Лисицына увидела, что чуть в стороне от одного из коттеджей, вровень с крышей, нарисовано нечто странное: неестественно вытянутая фигура в островерхом чёрном балахоне, на длинных и тонких, будто паучьих ножках. Молодая дама непроизвольно выглянула в окно, но ничего похожего там не увидела.
— Это монах, — сказала Полина Андреевна самым что ни на есть наивным голосом. — Только какой-то странный.
— И не просто монах, а Чёрный Монах, главная ханаанская достопримечательность, — кивнул Донат Саввич. — Вы, верно, о нём уже слышали. Я одного не пойму… — Он ещё раз стукнул художника по плечу, уже сильнее. — Конон Петрович!
Тот и не подумал оборачиваться, а госпожа Лисицына внутренне вся подобралась. Удачное стечение обстоятельств, кажется, могло облегчить ей поставленную задачу. Тепло, очень тепло!
— Чёрный Монах? — переспросила она. — Это призрак Василиска, который якобы бродит по воде и всех пугает?
Коровин нахмурился, начиная сердиться на упрямого живописца.
— Не только пугает. Он ещё повадился поставлять мне новых пациентов.
Ещё теплее!
— Конон Петрович, я обращаюсь к вам. И если задал вопрос, то без ответа не уйду, — строго сказал доктор. — Вы изобразили здесь Василиска? Кто вам про него рассказал? Ведь вы ни с кем кроме меня не разговариваете. Откуда вы про него знаете?
Не повернувшись, Есихин буркнул:
— Я знаю только то, что видят мои глаза.
Чуть коснулся кисточкой чёрной фигуры, и Полине Андреевне показалось, что та покачнулась, будто бы с трудом сохраняя равновесие под напором ветра.
— Новые пациенты? — покосилась на Коровина гостья. — Должно быть, тоже интересные?
— Да, но очень тяжёлые. Особенно один, совсем ещё мальчик. Сидит в оранжерее наг яко прародитель Адам, поэтому показать вам его не осмелюсь.
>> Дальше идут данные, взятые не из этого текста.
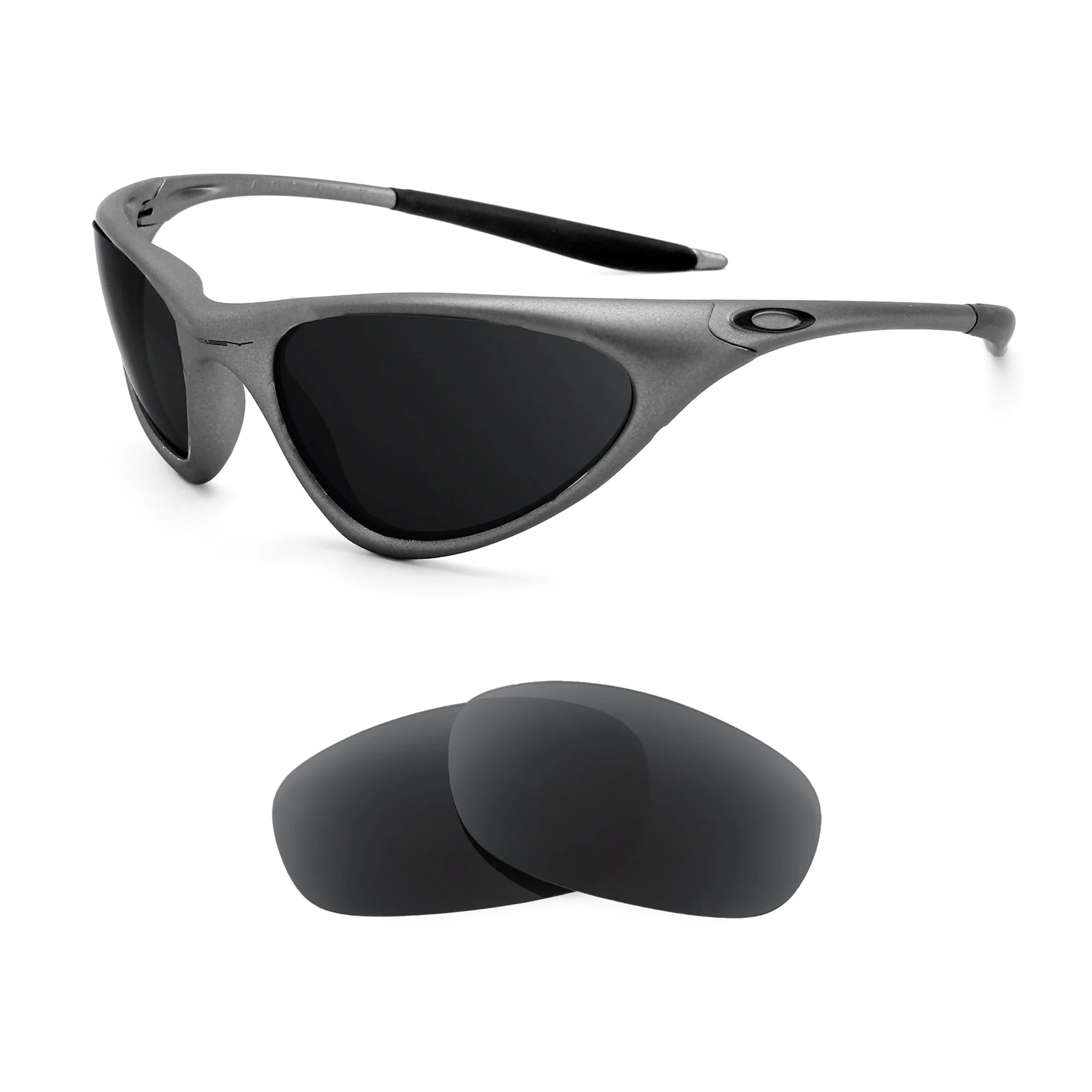 Revant Replacement Lenses for Oakley Topcoat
Быстро прогрессирующий травматический идиотизм — сгорает прямо на глазах. Никого к себе не подпускает, пищи от санитаров не берёт. Ест что растёт на деревьях, но долго ли протянешь на бананах с ананасами? Ещё неделя, много две, и умрёт — если только я не придумаю метод лечения. Увы, пока ничего не выходит.
— А второй? — спросила любопытная дама. — Тоже идиотизм?
— Нет, энтропоз. Это очень редкое заболевание, близкое к автоизму, но не врождённое, а приобретённое. Способ лечения науке пока неизвестен. А был умнейший человек, я ещё застал его в полном разуме… Увы, в один день — вернее, в одну ночь — превратился в руину.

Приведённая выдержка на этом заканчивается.